Preface

"Data analysis is Python's killer app"

--Unknown

This book is the follow-up to Python Data Analysis. The obvious question is, "what does this new book add?" as Python Data Analysis is pretty great (or so I like to believe) already. This book, Python Data Analysis Cookbook, is targeted at slightly more experienced Pythonistas. A year has passed, so we are using newer versions of software and software libraries that I didn't cover in Python Data Analysis. Also, I've had time to rethink and research, and as a result I decided the following:

  • I need to have a toolbox in order to make my life easier and increase reproducibility. I called the toolbox dautil and made it available via PyPi (which can be installed with pip/easy_install).
  • My soul-searching exercise led me to believe that I need to make it easier to obtain and install the required software. I published a Docker container (pydacbk) with some of the software we need via DockerHub.
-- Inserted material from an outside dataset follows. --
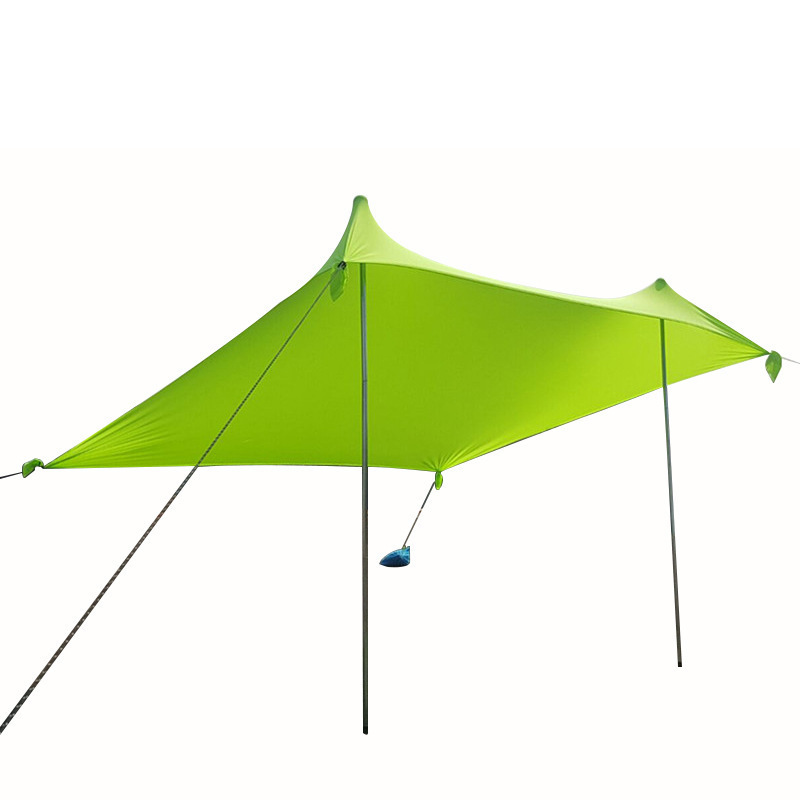 Outdoor Camping Beach Fishing Sunshade Awning Set Portable Large Family Canopy Sun Shade Tent With Sandbag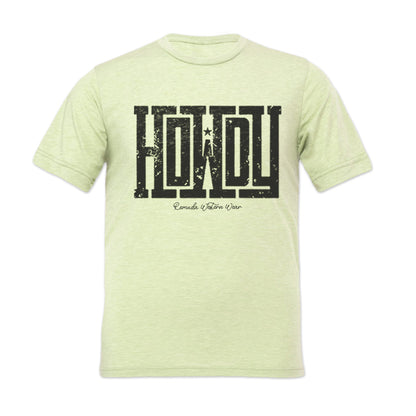 A western t-shirt with the word Howdy on the front. A great trendy tee for western wear, ranch wear, rodeo wear, or even a night out on the town for any cowboy or cowgirl.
You can read more about the setup in Chapter 1, Laying the Foundation for Reproducible Data Analysis, and the online chapter. The Docker container is not ideal because it grew quite large, so I had to make some tough decisions. Since the container is not really part of the book, I think it will be appropriate if you contact me directly if you have any issues. However, please keep in mind that I can't change the image drastically.
  • This book uses the IPython Notebook, which has become a standard tool for analysis. I have given some related tips in the online chapter and other books I have written.
  • I am using Python 3 with very few exceptions because Python 2 will not be maintained after 2020.